> [INFORMATION PROVIDED]:
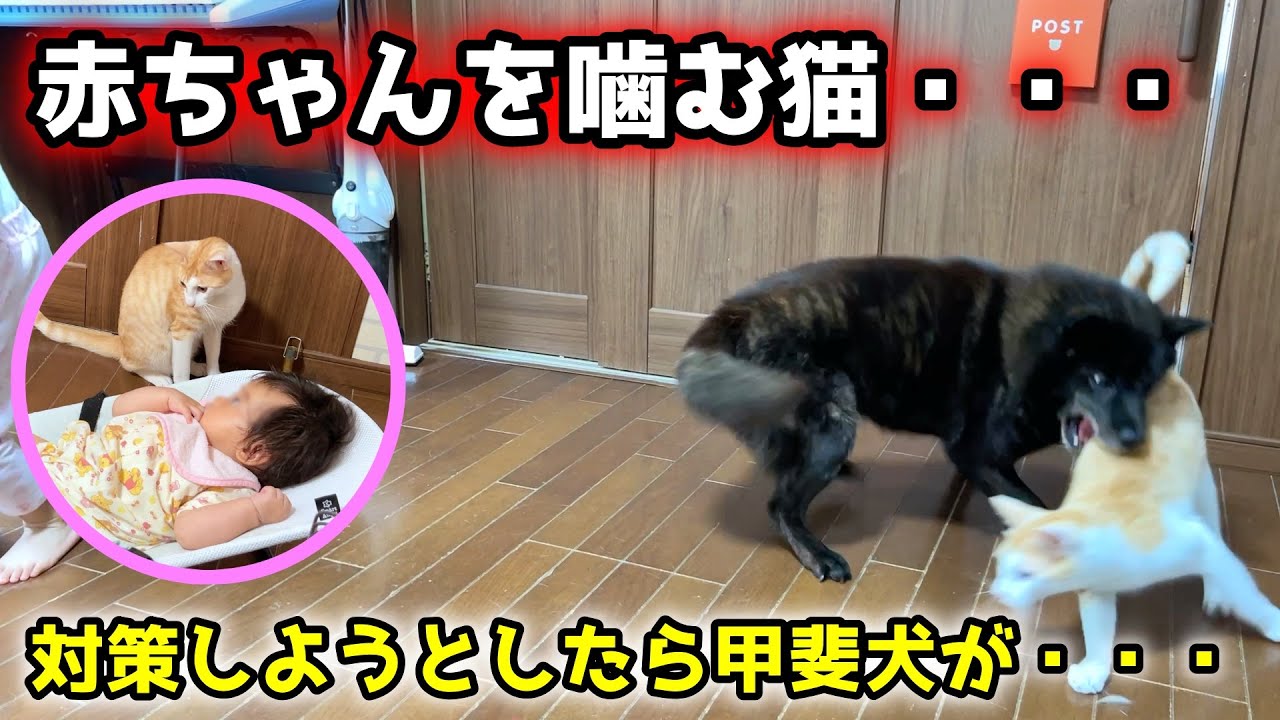 猫が赤ちゃんを噛むので、対策しようとしたらえらいことになった【甲斐犬一休と赤ちゃん】
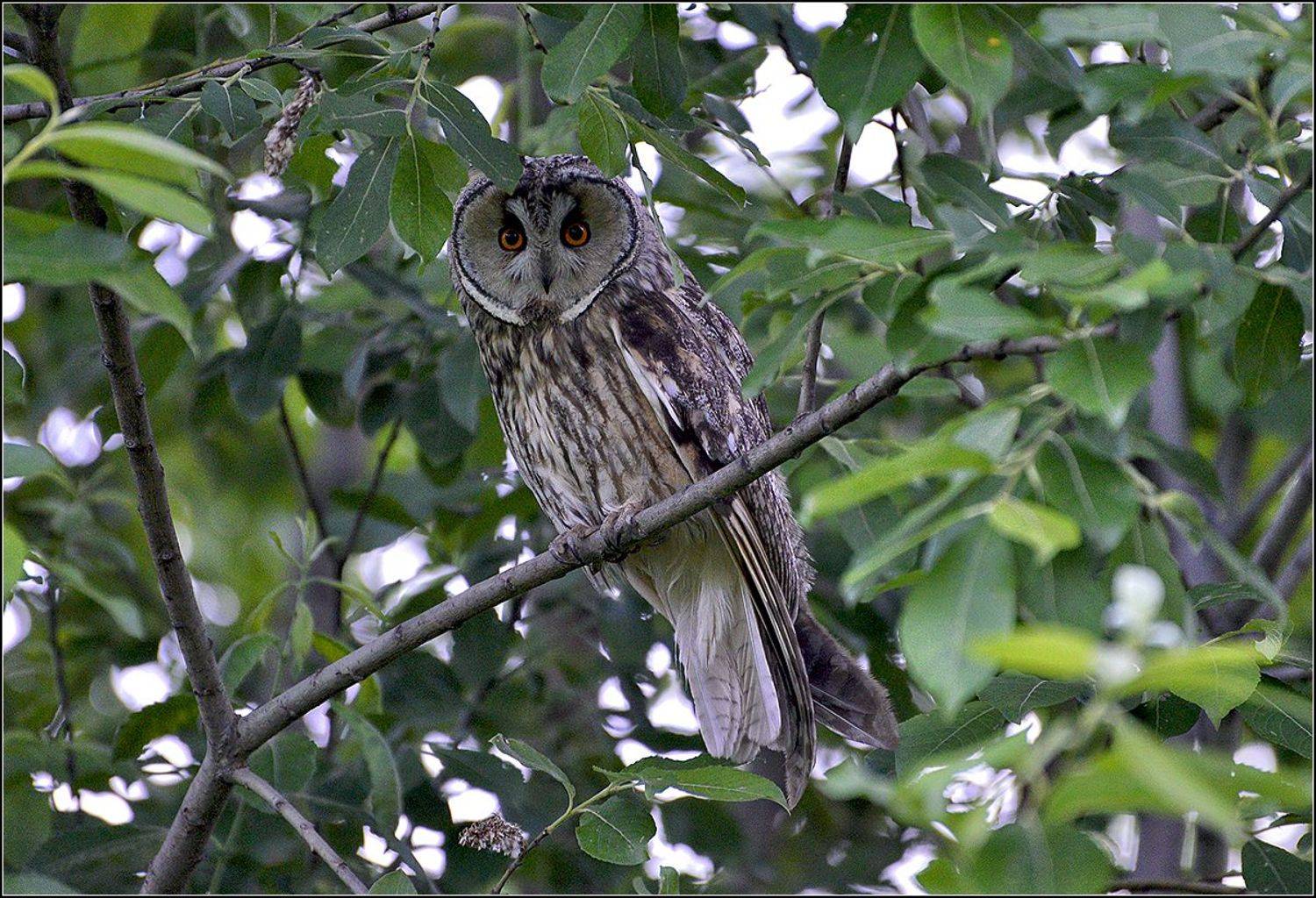 москва, парк, ушастая сова, АНАТОЛИЙ ДОВЫДЕНКО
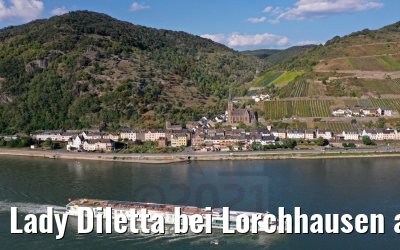 Lady Diletta bei Lorchhausen am Rhein 04.09.2021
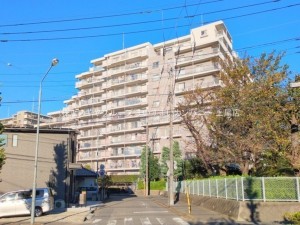 上尾市柏座、マンションの画像です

> [EXERCISE PROMPT]: Set down all of the data word for word; no pictures belong in it.

> [RESPONSE BOX]:
 猫が赤ちゃんを噛むので、対策しようとしたらえらいことになった【甲斐犬一休と赤ちゃん】
 москва, парк, ушастая сова, АНАТОЛИЙ ДОВЫДЕНКО
 Lady Diletta bei Lorchhausen am Rhein 04.09.2021
 上尾市柏座、マンションの画像です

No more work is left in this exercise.